Bu noktada istişare ve şura kavramlarının derin anlamaları insanlığa büyük imkanlar vermekte ve yüksek ufuklar sunmaktadır. Bu aynı zamanda iktidar ihtirasını engellemenin ve kula kulluğu kaldırmanın da yegane yoludur. İktidar ihtirasının tek çaresi halkın özgür iradesinin devreye alınması, başka bir deyişle Cumhuriyetin tesis edilmesidir. Daha da ötesi “İleri Cumhuriyet”in geliştirilip yerleştirilmesidir.
Özgür irade (cüzi irade) sahibi olarak doğan ve kendi hayatı üzerinde egemen olan insanların kendi yöneticilerini seçme haklarının olması son derece normal, beklenen ve doğal bir durumdur.

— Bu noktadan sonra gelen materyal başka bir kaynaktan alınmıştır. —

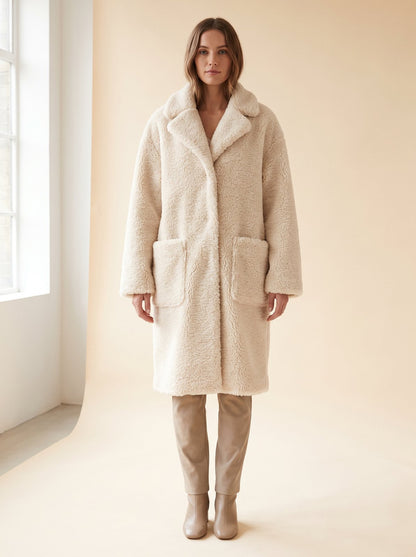 Cream oversized teddy coat by Lode Lane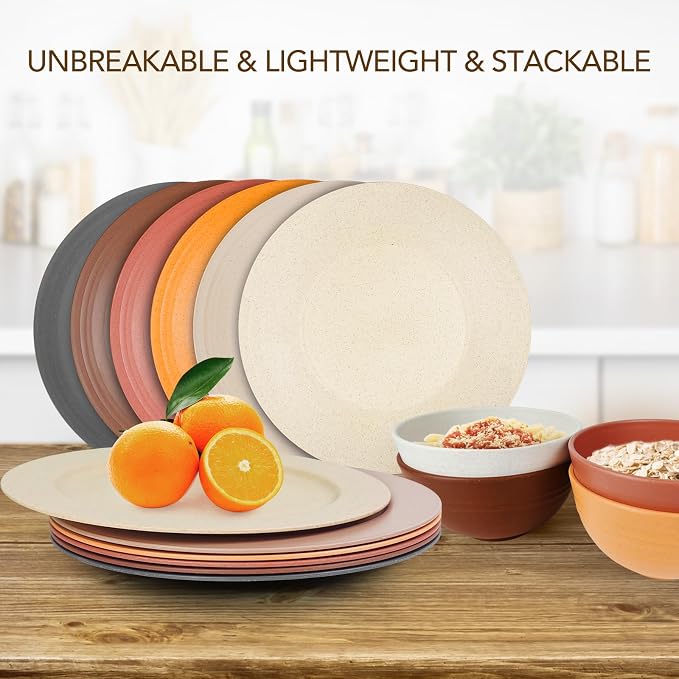 10inch/6pcs Dishwasher & Microwave Safe Wheat Straw Plates, Alternative - Image 3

Aksi zulümdür. Halkın iradesinin yönetime yansıtıldığı, çoğunluğun yani cumhurun görüşünün iktidarı belirlediği, ancak azınlık haklarının da garanti altına alındığı ve iktidarın meşruiyetini buradan aldığı yönetim biçimine Cumhuriyet denir. Cumhuriyetin derinleşerek geliştirilmesine ve toplumsallaşmasına İleri Cumhuriyet denir.
Seçilmiş meşru iktidar düşüncesinin esas alındığı, ilkelerin ve hukukun baskın olduğu, sistemin ve kurumsallaşmanın toplumsallaştığı idare şekli Cumhuriyettir. Bu şekilde geliştirilen, şuranın esas alındığı yönetim biçimi Şura Cumhuriyeti’dir.